▶ _EXTRACTED ENTRIES_:
*** Block opens ***

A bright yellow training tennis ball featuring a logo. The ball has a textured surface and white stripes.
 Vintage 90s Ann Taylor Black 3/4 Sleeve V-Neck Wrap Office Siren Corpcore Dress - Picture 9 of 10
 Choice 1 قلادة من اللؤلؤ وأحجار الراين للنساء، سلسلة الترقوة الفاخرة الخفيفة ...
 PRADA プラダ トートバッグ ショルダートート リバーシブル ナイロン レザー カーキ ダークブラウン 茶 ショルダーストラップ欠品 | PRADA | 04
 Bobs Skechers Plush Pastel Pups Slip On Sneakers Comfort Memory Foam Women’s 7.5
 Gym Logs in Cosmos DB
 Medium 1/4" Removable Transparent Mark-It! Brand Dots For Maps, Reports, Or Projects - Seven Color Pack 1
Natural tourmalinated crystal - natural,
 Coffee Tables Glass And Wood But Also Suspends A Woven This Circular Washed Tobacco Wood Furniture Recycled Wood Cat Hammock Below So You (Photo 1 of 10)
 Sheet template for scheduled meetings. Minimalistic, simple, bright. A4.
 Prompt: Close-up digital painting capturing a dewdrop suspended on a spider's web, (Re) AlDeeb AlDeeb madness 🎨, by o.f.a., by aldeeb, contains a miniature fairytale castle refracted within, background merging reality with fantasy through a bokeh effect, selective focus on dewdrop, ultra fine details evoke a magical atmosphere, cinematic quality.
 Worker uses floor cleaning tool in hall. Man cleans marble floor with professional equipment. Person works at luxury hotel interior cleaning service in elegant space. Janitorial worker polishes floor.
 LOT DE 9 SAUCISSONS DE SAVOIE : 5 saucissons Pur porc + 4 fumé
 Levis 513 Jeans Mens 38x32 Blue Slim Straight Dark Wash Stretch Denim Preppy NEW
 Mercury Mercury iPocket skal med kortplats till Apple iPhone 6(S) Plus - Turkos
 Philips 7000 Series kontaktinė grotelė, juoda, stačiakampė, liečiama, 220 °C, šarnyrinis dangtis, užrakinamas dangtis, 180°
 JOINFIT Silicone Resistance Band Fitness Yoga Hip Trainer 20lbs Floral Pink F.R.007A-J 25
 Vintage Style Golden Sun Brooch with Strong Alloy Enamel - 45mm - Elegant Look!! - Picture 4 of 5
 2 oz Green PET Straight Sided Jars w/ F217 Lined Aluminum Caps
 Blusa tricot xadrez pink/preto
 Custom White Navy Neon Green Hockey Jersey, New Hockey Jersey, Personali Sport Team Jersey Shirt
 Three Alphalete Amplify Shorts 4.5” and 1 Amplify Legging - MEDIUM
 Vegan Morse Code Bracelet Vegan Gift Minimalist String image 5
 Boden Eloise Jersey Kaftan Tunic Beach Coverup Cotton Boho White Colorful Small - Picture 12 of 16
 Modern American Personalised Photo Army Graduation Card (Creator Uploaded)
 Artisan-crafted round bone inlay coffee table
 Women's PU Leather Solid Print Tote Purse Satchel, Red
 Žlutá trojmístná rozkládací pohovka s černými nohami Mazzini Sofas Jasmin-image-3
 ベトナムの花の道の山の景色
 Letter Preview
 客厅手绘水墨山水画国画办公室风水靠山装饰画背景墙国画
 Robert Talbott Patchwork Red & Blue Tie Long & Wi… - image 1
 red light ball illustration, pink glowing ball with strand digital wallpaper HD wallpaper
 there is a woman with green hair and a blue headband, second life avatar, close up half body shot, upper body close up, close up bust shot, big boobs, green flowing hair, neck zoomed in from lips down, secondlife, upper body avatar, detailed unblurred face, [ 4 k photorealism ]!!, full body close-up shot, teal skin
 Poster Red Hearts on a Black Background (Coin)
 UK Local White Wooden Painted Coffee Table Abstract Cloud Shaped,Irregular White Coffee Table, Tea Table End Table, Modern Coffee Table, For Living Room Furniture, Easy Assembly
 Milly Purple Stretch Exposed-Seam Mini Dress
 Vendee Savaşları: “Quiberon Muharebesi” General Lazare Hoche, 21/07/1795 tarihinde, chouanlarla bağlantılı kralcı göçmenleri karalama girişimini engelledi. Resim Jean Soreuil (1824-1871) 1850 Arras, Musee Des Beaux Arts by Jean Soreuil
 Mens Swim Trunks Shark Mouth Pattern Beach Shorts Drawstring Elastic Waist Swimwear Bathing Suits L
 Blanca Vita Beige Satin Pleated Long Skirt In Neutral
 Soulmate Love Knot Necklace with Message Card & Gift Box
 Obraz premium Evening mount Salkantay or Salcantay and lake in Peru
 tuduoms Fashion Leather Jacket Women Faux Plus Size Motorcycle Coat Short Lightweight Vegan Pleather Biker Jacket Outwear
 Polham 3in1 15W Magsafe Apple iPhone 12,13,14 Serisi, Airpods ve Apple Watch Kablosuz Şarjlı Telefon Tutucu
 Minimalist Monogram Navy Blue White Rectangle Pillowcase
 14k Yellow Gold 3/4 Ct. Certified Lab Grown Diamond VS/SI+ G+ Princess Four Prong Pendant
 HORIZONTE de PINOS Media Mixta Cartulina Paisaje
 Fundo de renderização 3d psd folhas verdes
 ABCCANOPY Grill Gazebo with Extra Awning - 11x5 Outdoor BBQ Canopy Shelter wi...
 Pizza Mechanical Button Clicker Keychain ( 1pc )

*** Block closes ***

▶ _YOUR GOAL_:
Retype exactly, and only, the lines above from the one where "Natural tourmalinated crystal" occurs up to and including the one where "Sheet template for" occurs.

▶ _RESULT OF THE TASK_:
Natural tourmalinated crystal - natural,
 Coffee Tables Glass And Wood But Also Suspends A Woven This Circular Washed Tobacco Wood Furniture Recycled Wood Cat Hammock Below So You (Photo 1 of 10)
 Sheet template for scheduled meetings. Minimalistic, simple, bright. A4.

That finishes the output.